Higher Mortality After Bilateral Lung Transplant in Patients with Both COPD and Pulmonary Hypertension, Study Finds
Pulmonary hypertension (PH) in patients with chronic obstructive pulmonary disease (COPD) was associated with higher mortality rates after bilateral lung transplantation (transplantation of both lungs), but not after single lung transplantation (LTx), according to a new study of the United Network for Organ Sharing (UNOS) database.
The study, “Adverse outcomes associated with pulmonary hypertension in chronic obstructive pulmonary disease after bilateral lung transplantation,” was published in the journal Respiratory Medicine.
PH often accompanies severe end-stage COPD, but the rate at which PH occurs in patients with COPD is not known.
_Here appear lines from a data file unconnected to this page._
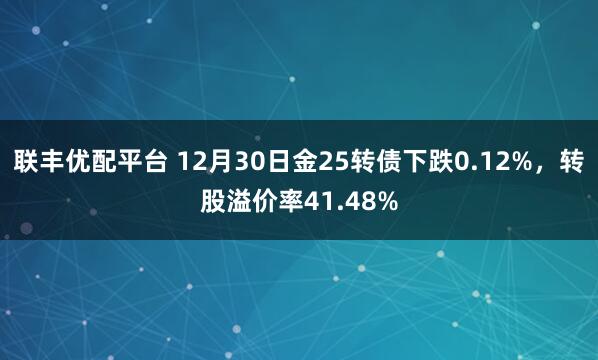 联丰优配平台 12月30日金25转债下跌0.12%，转股溢价率41.48%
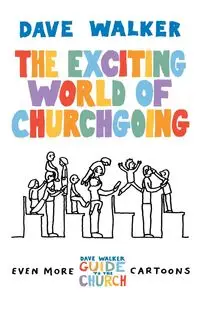 The Exciting World of Churchgoing - Walker Dave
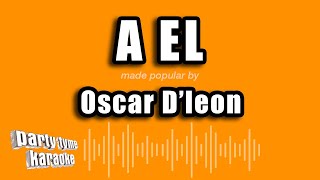 Oscar Dleon  A El Versión Karaoke [upl. by Eisej267]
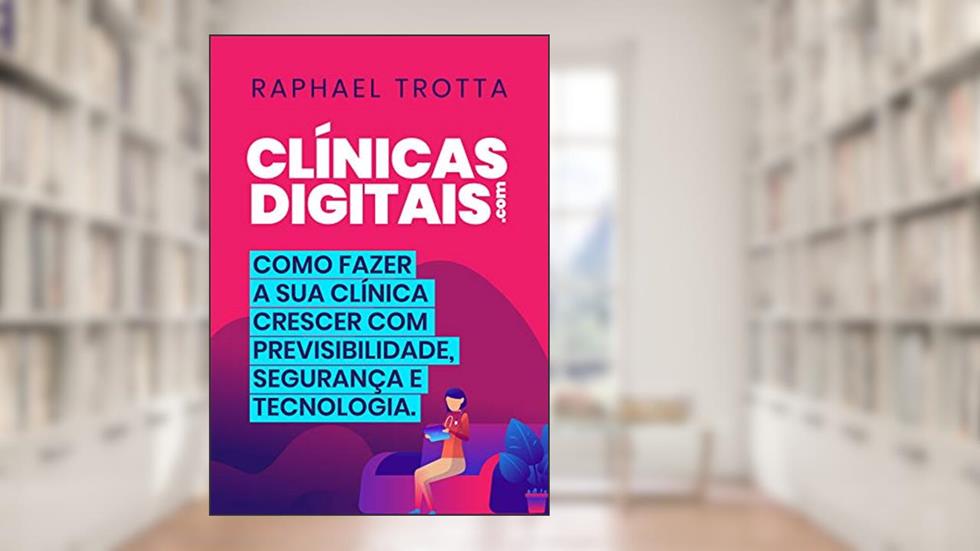 Clínicas Digitais: Como Fazer a sua Clínica Crescer com Previsibilidade, Segurança e Tecnologia, do autor Raphael Trotta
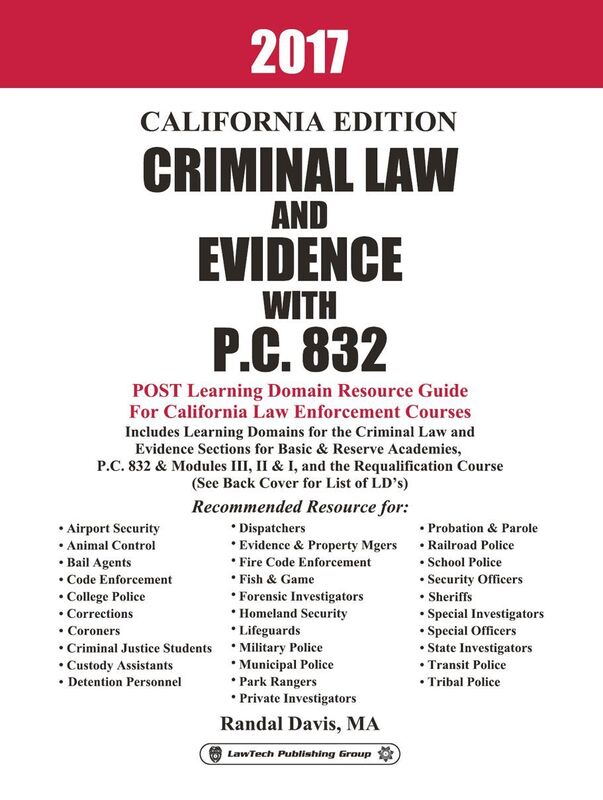 2017 California Criminal Law and Evidence with P.C. 832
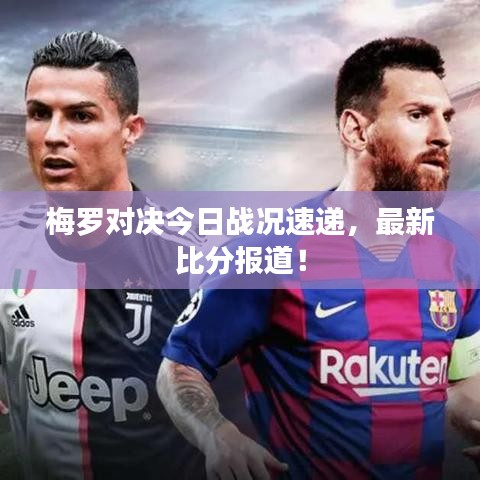 梅罗对决今日战况速递，最新比分报道！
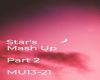 Star's Mash Up Part 2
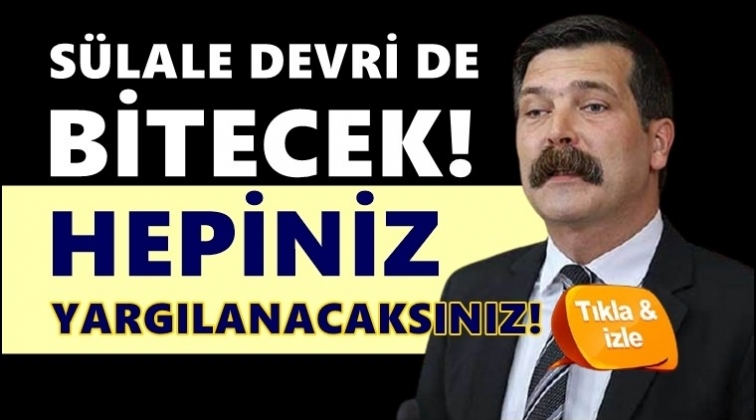 Erkan Baş: S&uuml;lale devri bitti, hepiniz yargılanacaksınız!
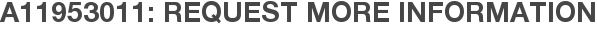 A11953011: Request More Information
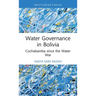 Water Governance in Bolivia: Cochabamba Since the Water War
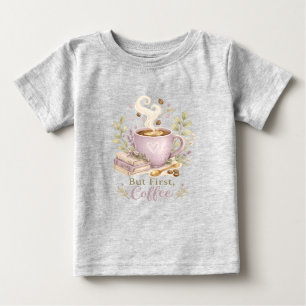 But First, Coffee Cosy Lavender coffee Baby T-Shirt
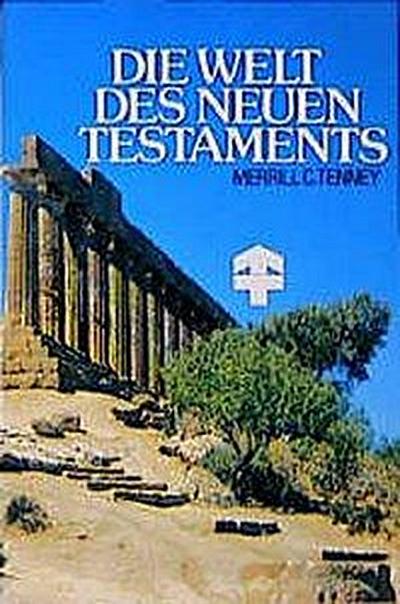Tenney, M: Welt d. Neuen Testaments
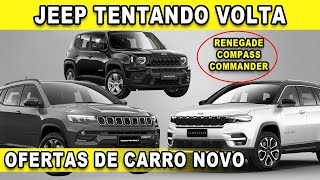 🚨JEEP OFERECE OFERTAS NO RENEGADE COMPASS E COMMANDER [upl. by Brenda]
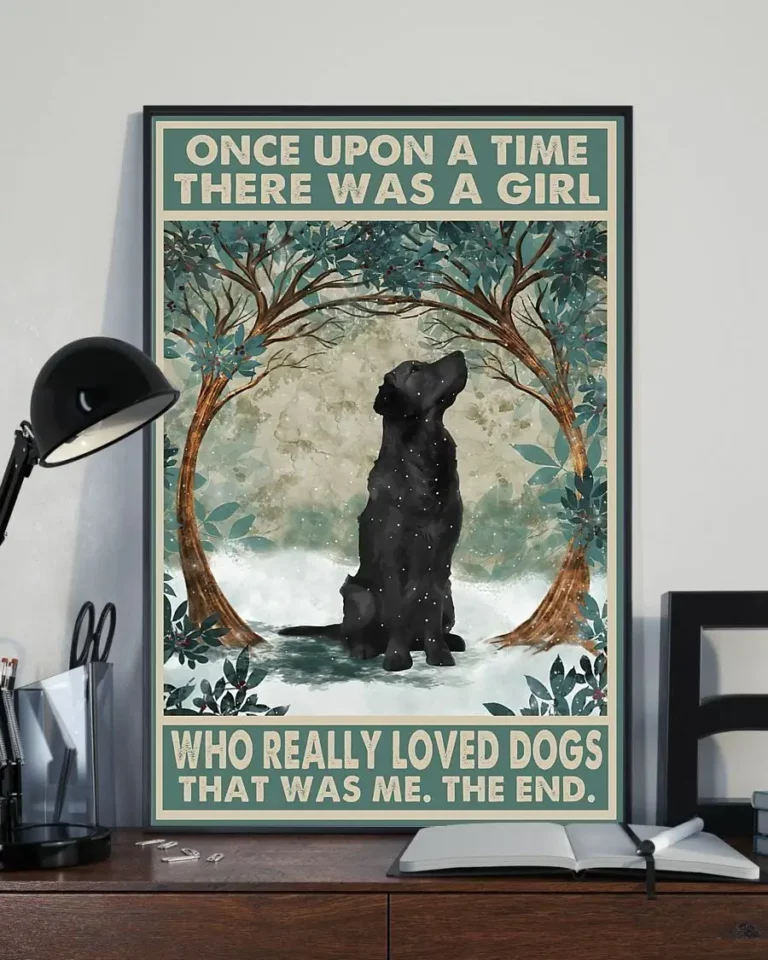 Once Upon a Time There Was a Girl Who Really Loved Dogs Black Golden Poster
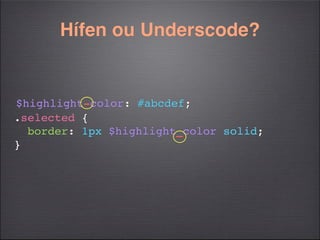 Hífen ou Underscode?


$highlight-color: #abcdef;
.selected {
  border: 1px $highlight_color solid;
}
 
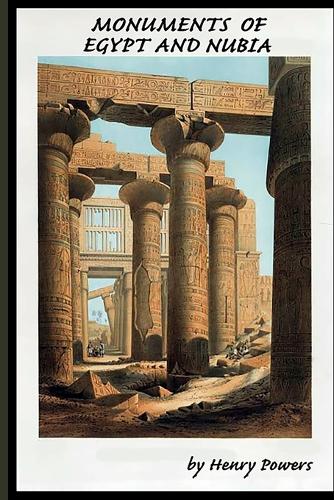 Monuments of Egypt and Nubia: Drawings and Illustrations of Egyptian and Nubian Monuments and Ruins -18th & 19th Century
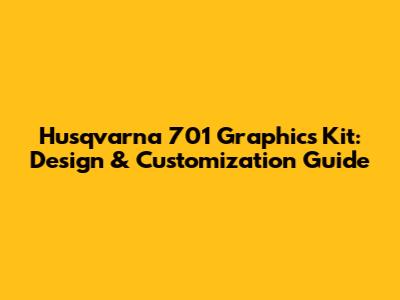 Husqvarna 701 Graphics Kit: Design & Customization Guide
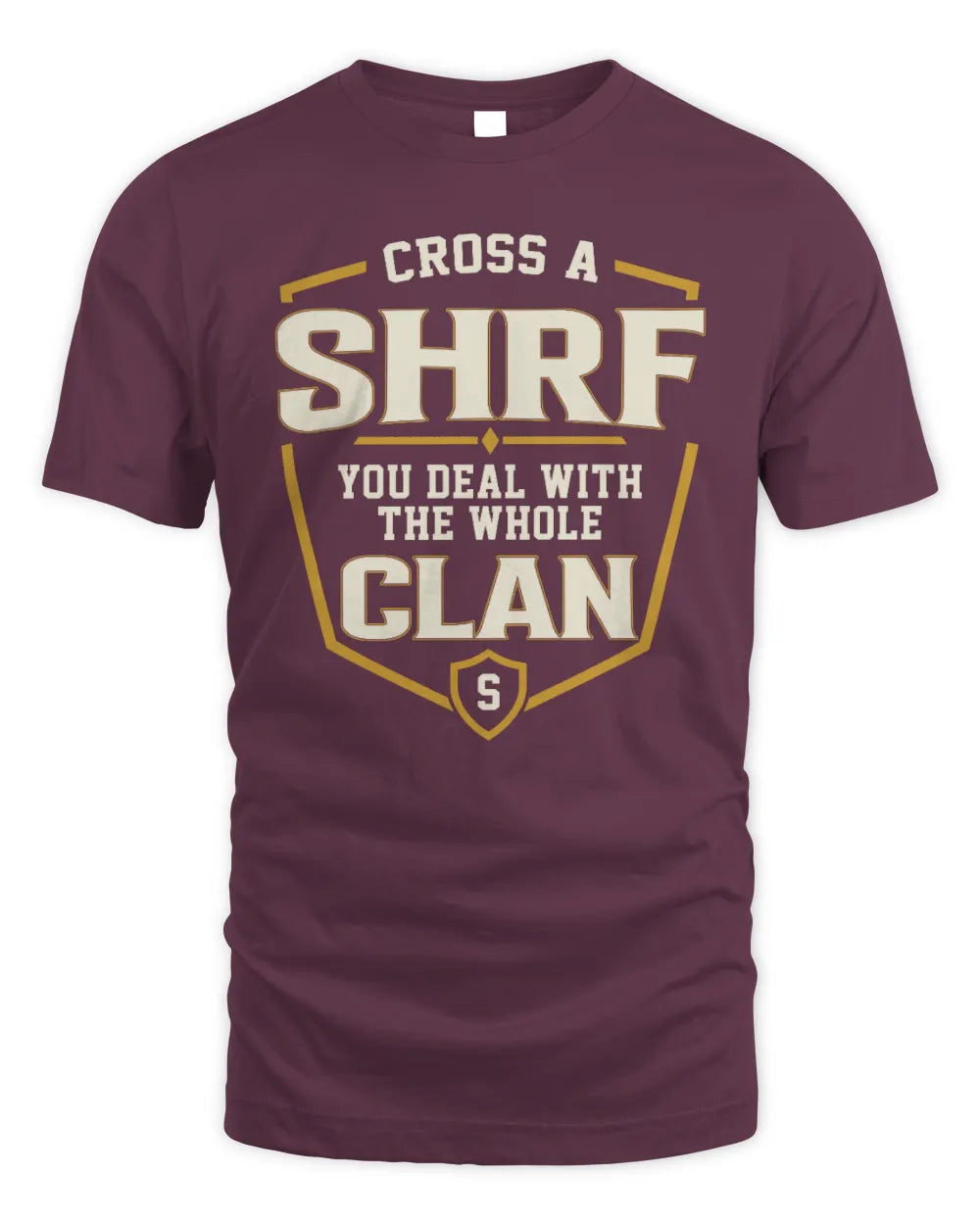 SHRF NT1-K008 Cross A/An NAME, You Deal With the Whole Clan | Personalized Vintage T-Shirt - Unisex Standard T-Shirt - Maroon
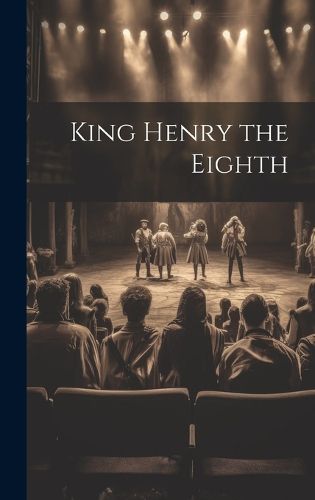 Cover image for King Henry the Eighth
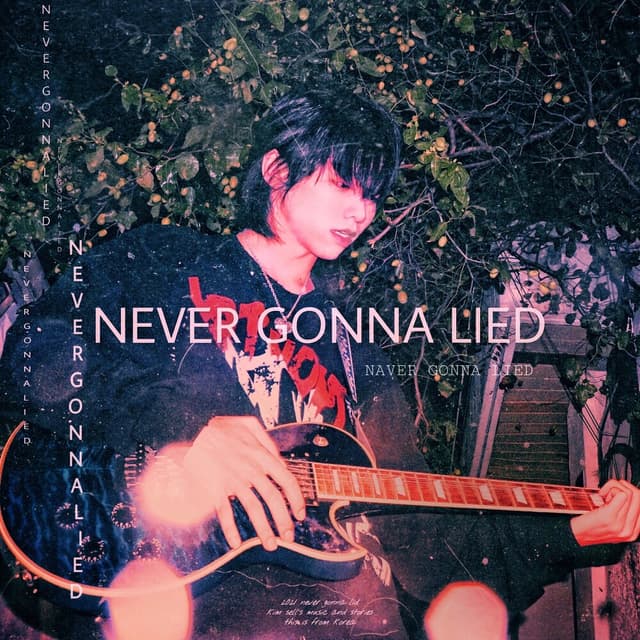 Album cover art for NEVER gonna lied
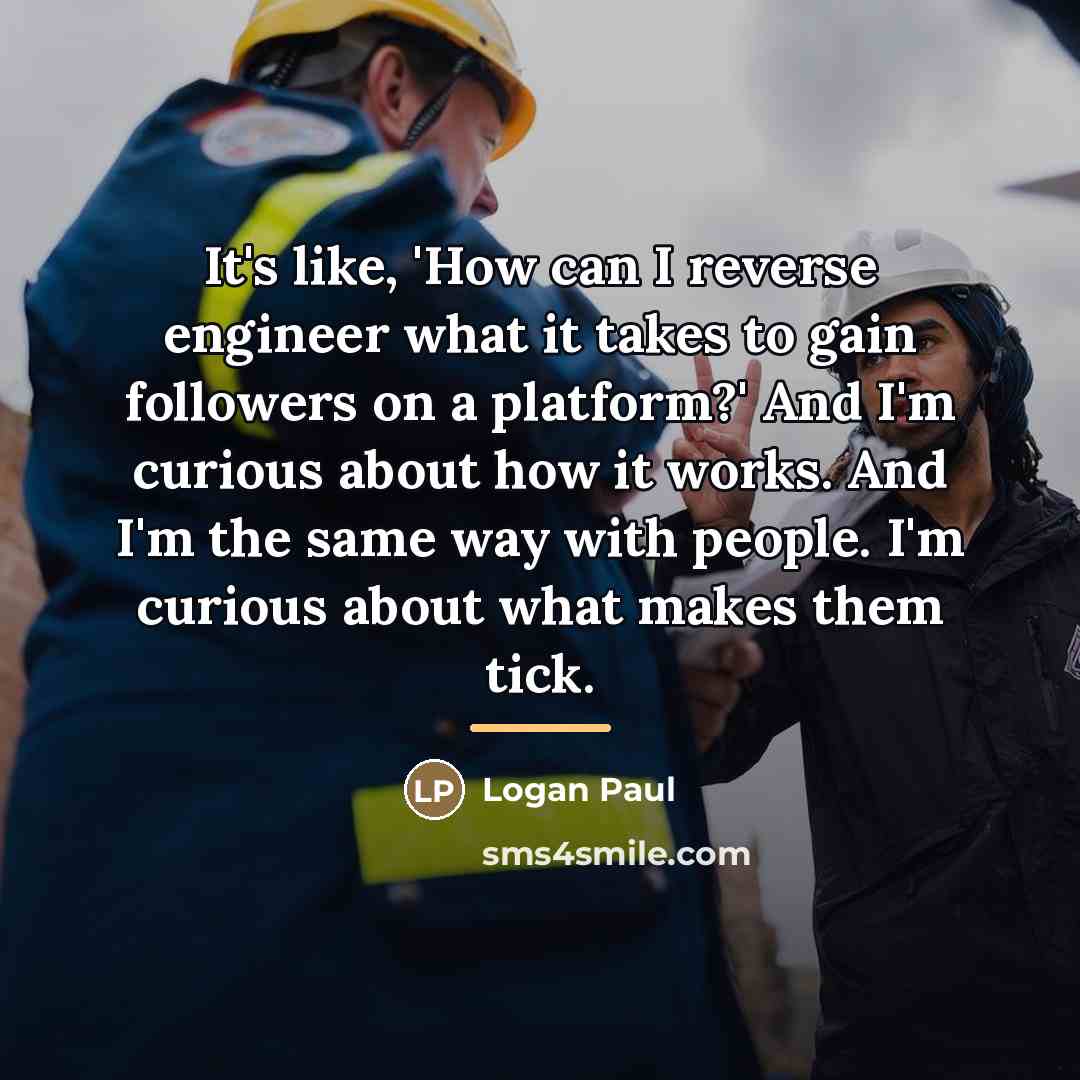 “It's like, 'How can I reverse engineer what it takes…” quote by Logan Paul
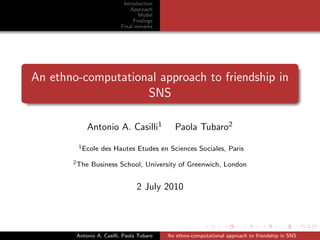 Introduction
                              Approach
                                  Model
                               Findings
                          Final remarks




An ethno-computational approach to friendship in
                    SNS

            Antonio A. Casilli1               Paola Tubaro2
        1 Ecole   des Hautes Etudes en Sciences Sociales, Paris
       2 The   Business School, University of Greenwich, London


                                 2 July 2010



        Antonio A. Casilli, Paola Tubaro   An ethno-computational approach to friendship in SNS
 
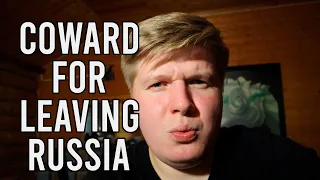 Coward For Leaving Russia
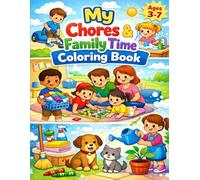 My Chores & Family Time Coloring Book for Kids Ages 3-7: Fun Daily Chores, Responsibility Activities & Screen-Free Learning for Toddlers and Young Children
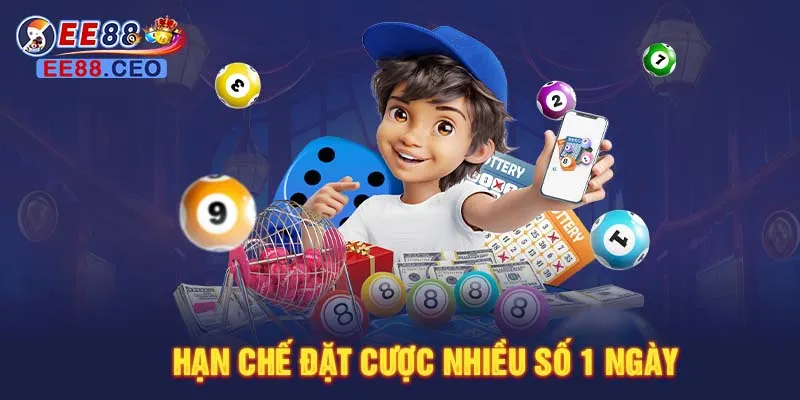 Hạn chế đặt cược nhiều số 1 ngày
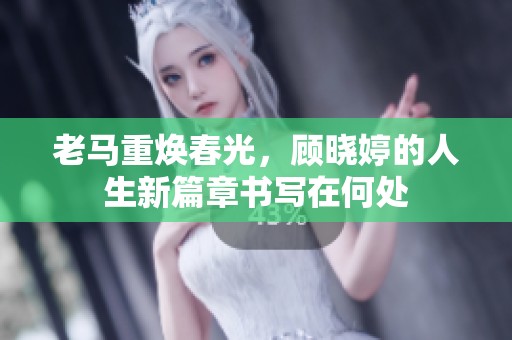 老马重焕春光，顾晓婷的人生新篇章书写在何处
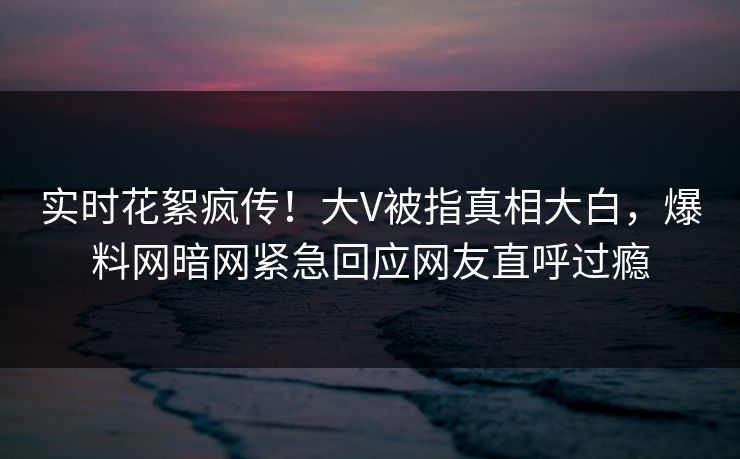 实时花絮疯传！大V被指真相大白，爆料网暗网紧急回应网友直呼过瘾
A total of 3,362 first-time LTx recipients with a COPD diagnosis who underwent lung transplant between May 2005 and September 2013 were identified in the UNOS Registry thoracic database. UNOS is the private, non-profit organization that manages the organ transplant system in the U.S.
Of the total patients identified, 54 percent (1,686) met the diagnostic criterion for PH with an average pulmonary artery pressure (mPAP) of 25 mmHg or more, determined by right heart catheterization (RHC). Among these patients, 653 underwent a single LTx, and 1,033 were bilateral LTx recipients.
The study found that the mortality risk was increased with higher mPAP in bilateral LTx patients with COPD who also had PH, so that an increase of 10 mmHg in mPAP was linked to a 10 percent increase in the chances of dying after the double transplant. This was not observed in patients undergoing a single LTx.
The study also revealed that risk factors for post-LTx mortality included: Being of black ethnicity, of older age at the time of the transplantation, of greater body mass index (a measure of body fat), scoring lower in the six-minute walk distance test (a test assessing exercise capacity), having higher levels of Class 1 panel reactive antibody (PRA; an estimation of a person’s potential reactivity to a donated organ), having a greater initial lung allocation score (the UNOS priority rating for a lung transplant), and having received extracorporeal membrane oxygenation (ECMO) support (use of an artificial lung).
“In conclusion, we found an association between elevated mPAP and increased risk of mortality after bilateral LTx, but not after single LTx, in patients with COPD.” the researchers wrote.
“These findings may have implications regarding allocation of donor lung allografts to patients with COPD, particularly with coexisting PH or a history of increasing mPAP while awaiting LTx. Further work is needed to understand the mechanisms by which PH exerts a long-term influence on mortality in LTx recipients with COPD and why this influence is mitigated among recipients of single LTx,” the team concluded.